__ASSIGNMENT__: For the data that follows, print the line with "Löwenzahn (Taraxacum Officinale)", the line with "Top view of", and all lines between them, exactly as they stand. Omit pictures and add nothing.

__DATA EXTRACTS__:
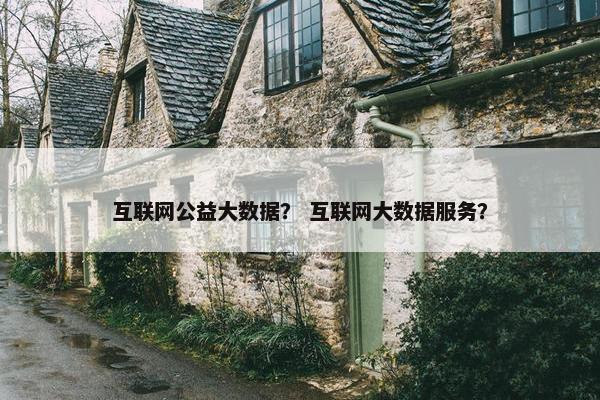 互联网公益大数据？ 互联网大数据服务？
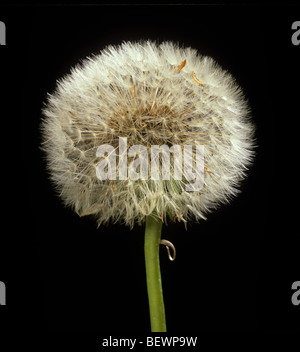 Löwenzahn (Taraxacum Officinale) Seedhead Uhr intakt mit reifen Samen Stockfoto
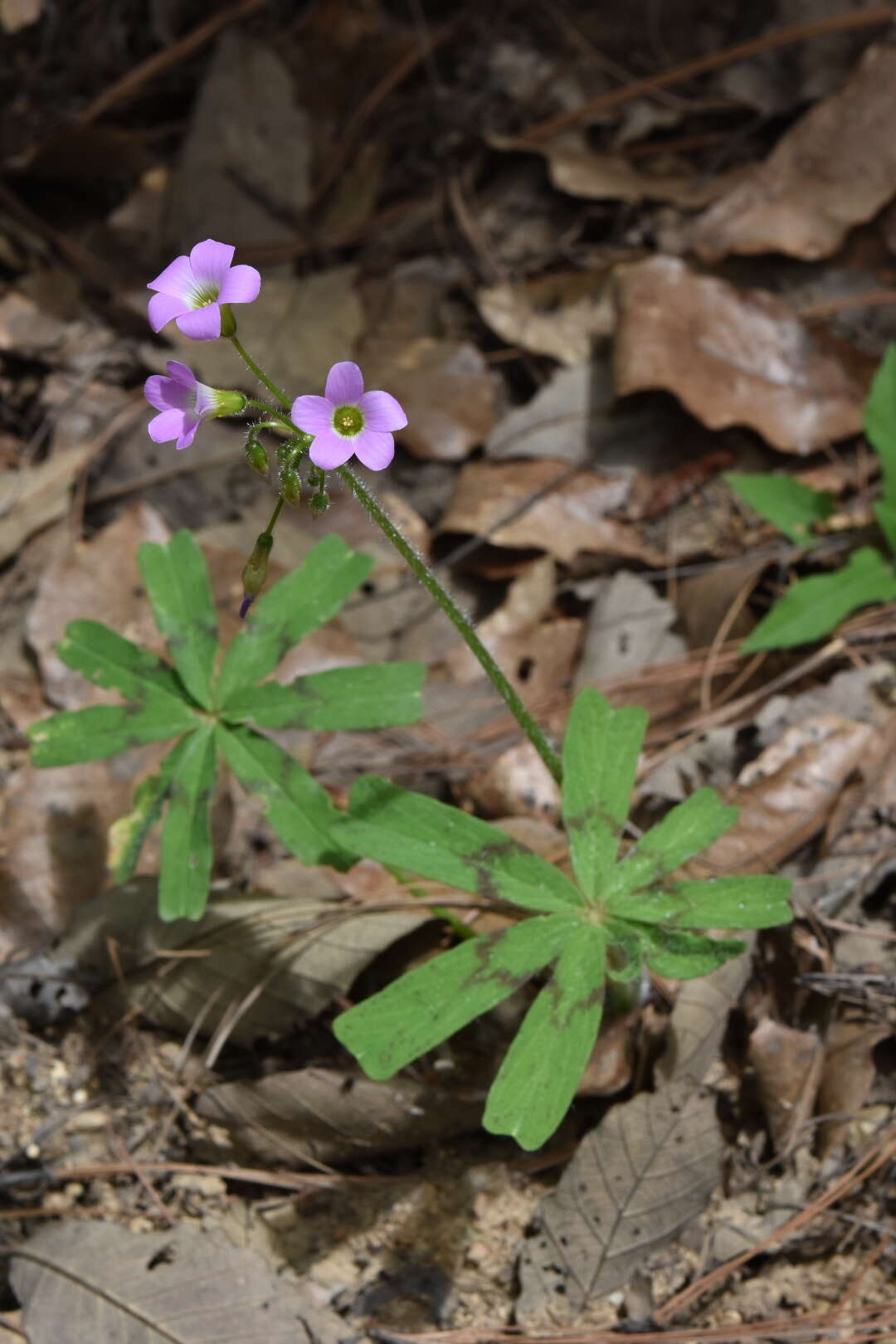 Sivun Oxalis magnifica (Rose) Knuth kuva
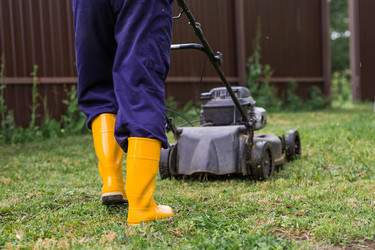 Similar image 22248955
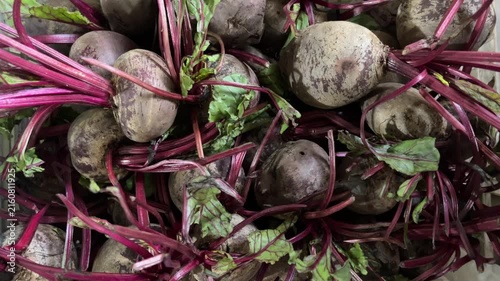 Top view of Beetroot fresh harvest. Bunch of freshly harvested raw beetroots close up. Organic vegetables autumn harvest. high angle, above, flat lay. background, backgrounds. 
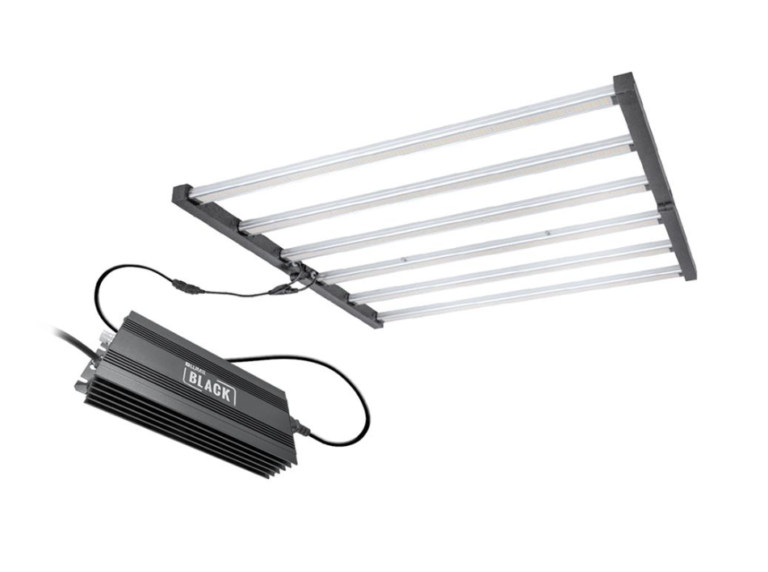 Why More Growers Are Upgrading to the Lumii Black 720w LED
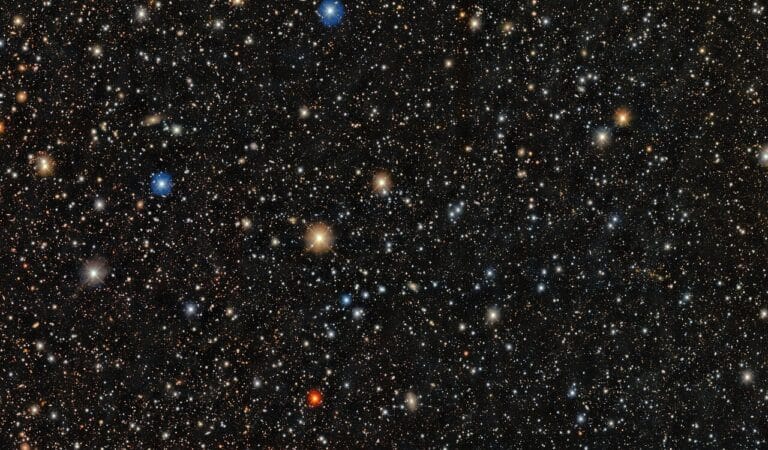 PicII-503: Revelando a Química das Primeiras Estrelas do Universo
...
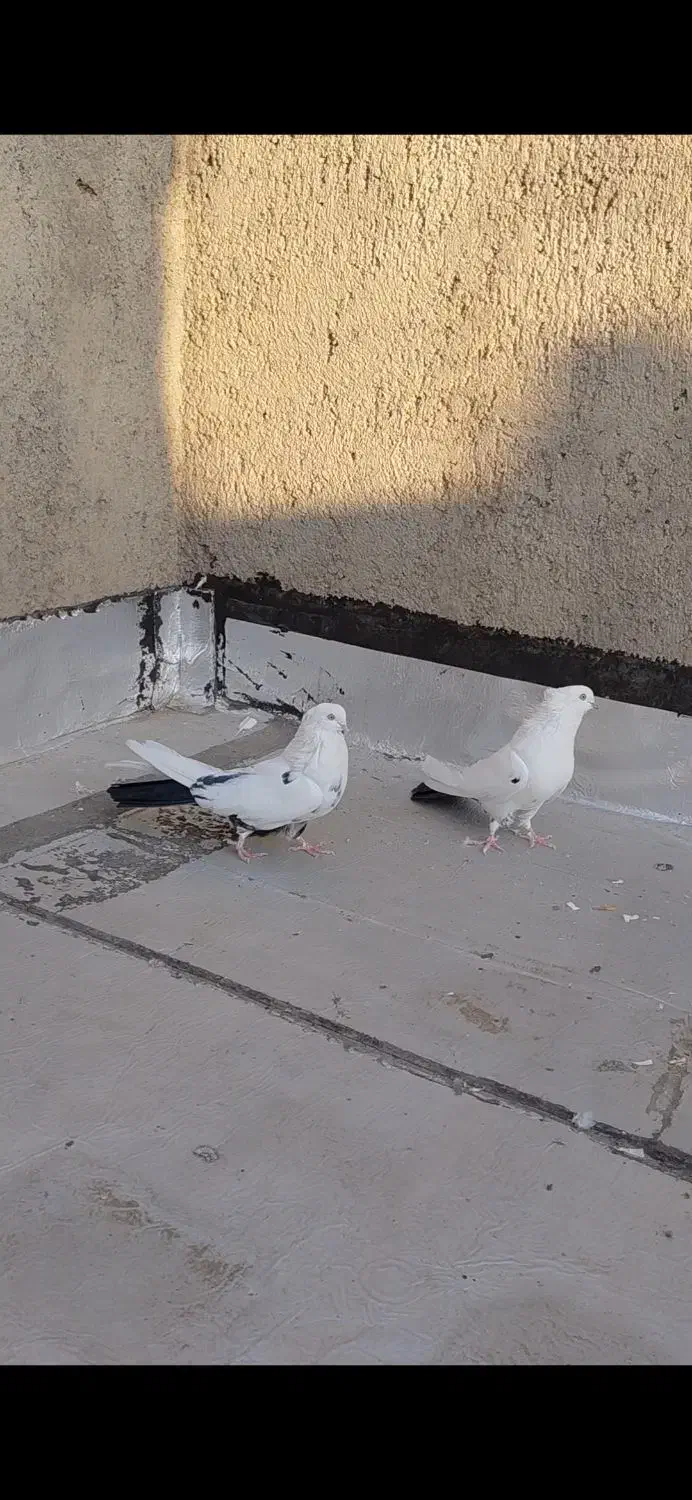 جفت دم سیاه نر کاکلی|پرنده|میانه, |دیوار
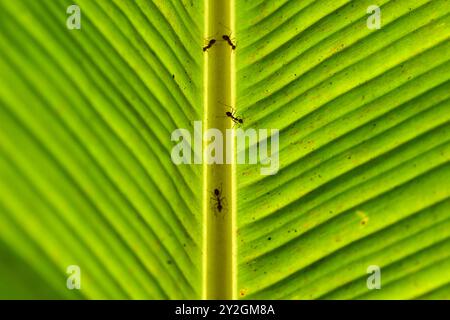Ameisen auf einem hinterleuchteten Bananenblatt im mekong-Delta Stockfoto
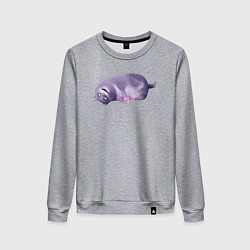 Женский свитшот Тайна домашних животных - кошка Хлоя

__EXERCISE ANSWER__:
 Löwenzahn (Taraxacum Officinale) Seedhead Uhr intakt mit reifen Samen Stockfoto
 Sivun Oxalis magnifica (Rose) Knuth kuva
 Similar image 22248955
 Top view of Beetroot fresh harvest. Bunch of freshly harvested raw beetroots close up. Organic vegetables autumn harvest. high angle, above, flat lay. background, backgrounds. 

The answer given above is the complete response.